Joseph Conrad: The Sense of Self

Joseph Conrad's stories The Secret Sharer, Heart of Darkness, and The Shadow Line share a number of themes. All three stories deal with a process of maturing that involves the loss of youthful illusions, a process usually precipitated by an actual "trial" that challenges the protagonist's professional skills as well as his assumptions about his identity and sanity. In successfully dealing with the crisis, the protagonist reconstructs his identity and develops moral ideas rooted in acknowledgement of his own and others' human weaknesses and thus of men's necessary interdependence.

Each story is related from the point-of-view of one narrator: Marlow in Heart of Darkness and an unnamed captain in his first command in both The Secret Sharer and The Shadow Line. All exhibit a naive or idealized view of the world. Marlow chooses to go to the Congo because, since a boy, that part of Africa had always "charmed him." When the narrator of The Shadow Line unexpectedly wins the command of a ship as a replacement for a newly deceased captain, he looks forward to going "out to sea. The sea-which was pure, safe and friendly" (96). Likewise, the narrator of The Secret Sharer prematurely delights in "the great security of the sea" (23).

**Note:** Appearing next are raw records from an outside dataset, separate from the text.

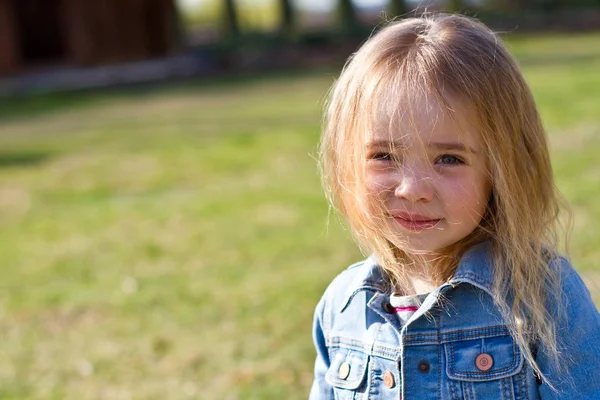 Beautiful charming little girl in jeans with disheveled hair on a background of green — Stock Photo, Image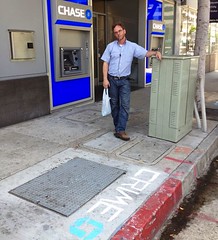 Alexander Schaefer was arrested in LA for chalking the sidewalk with anti-bank messages.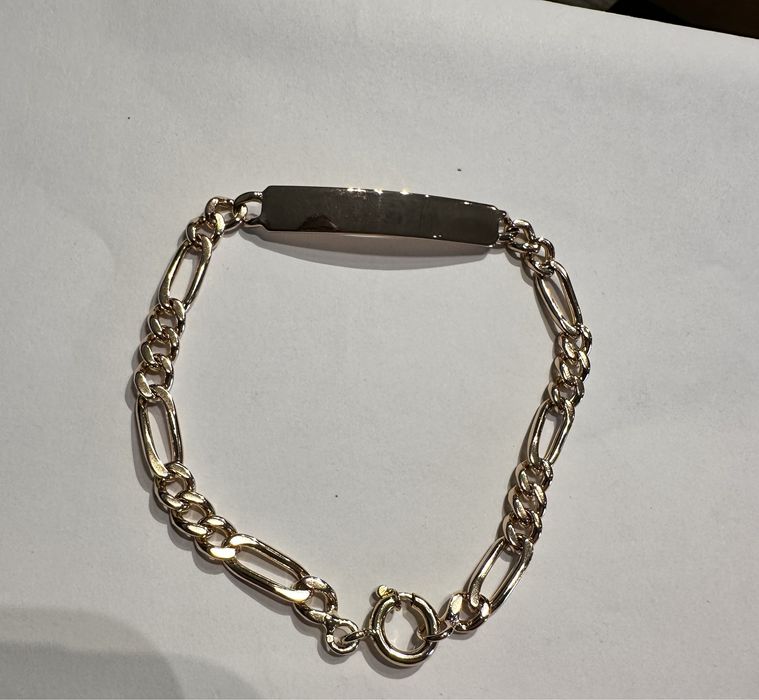 Pulseira em ouro macisso com chapa. 19,2 quilates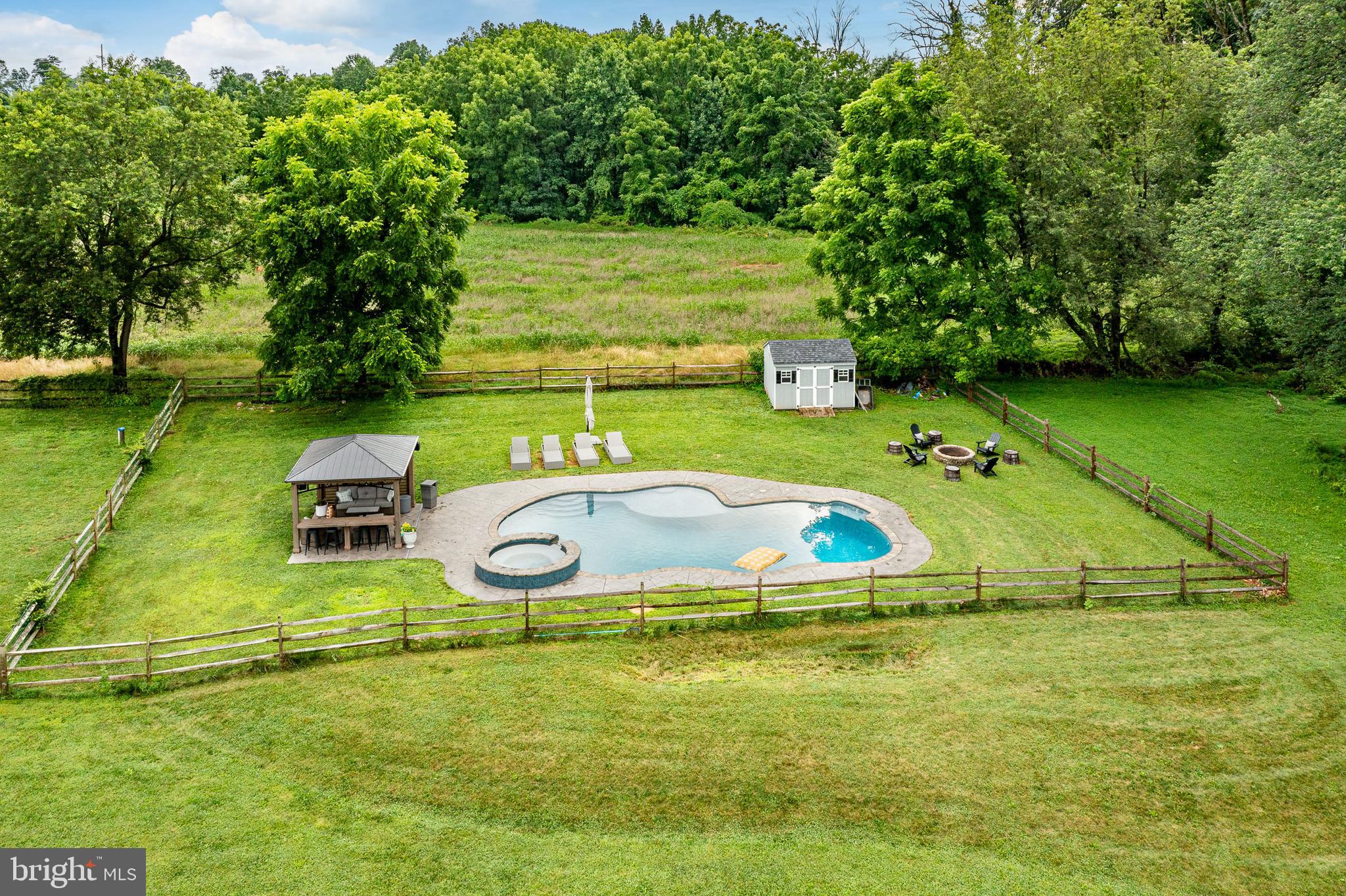 2084 Flowing Springs Road Chester Springs, PA 19425 - Photo 57 of 73 a view of a swimming pool with a yard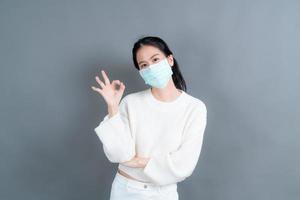 jeune femme asiatique portant un masque médical et montrant un signe ok photo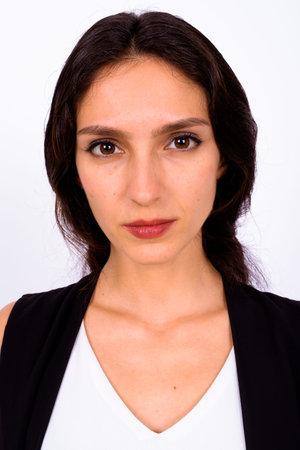 Portrait of young beautiful businesswoman against white background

All three narrators are also solitary figures. The two new captains are isolated by virtue of their position; they cannot become intimate with their men without the risk of losing their respect, and Marlow is culturally isolated in the African jungle.

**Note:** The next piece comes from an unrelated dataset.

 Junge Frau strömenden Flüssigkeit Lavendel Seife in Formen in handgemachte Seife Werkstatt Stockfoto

Each narrator encounters an actual physical trial. The new captain in The Shadow Line finds, when at sea and with a crew afflicted by tropical fevers, that the "mad" former captain has disposed of the store of life-saving quinine. The situation is aggravated by the fact that they are unable to find a wind to propel them, languishing for days on a stagnant sea. As Marlow makes his way up the "River," he is delayed, suffers losses, and finds the experience of the jungle more overwhelming than he anticipated. In contrast, the captain's trial in The Secret Sharerseems to be only that of becoming comfortable with his new command, thus an internal trial, but he then "takes on" the trial of hiding Leggatt, introducing the distressing possibility of discovery.

Yet it is the psychological crisis that each narrator goes through in response to his difficulties that Conrad is most concerned with and he uses the device of "doubling" in all three stories to bring out the psychological complexities of the narrators' struggles. The Secret Sharer's captain "identifies" with Leggatt, while Marlow "admires" Kurtz, and The Shadow Line's captain "relies on" Ransome, the able sailor with a weak heart. A second level of doubling occurs in the latter story when the pairing of the captain and Ransome are opposed to the pair of the unstable former captain and the second mate, Burns, whom the former captain has almost driven insane. Yet, both Leggatt and Kurtz are portrayed as able, even gifted men who have gone too far. Further, the double characters are associated with insanity. Kurtz has sunk into madness. Not yet mad, Leggatt, like Kurtz, cannot control his anger, and Burns and his former captain are mentally unstable.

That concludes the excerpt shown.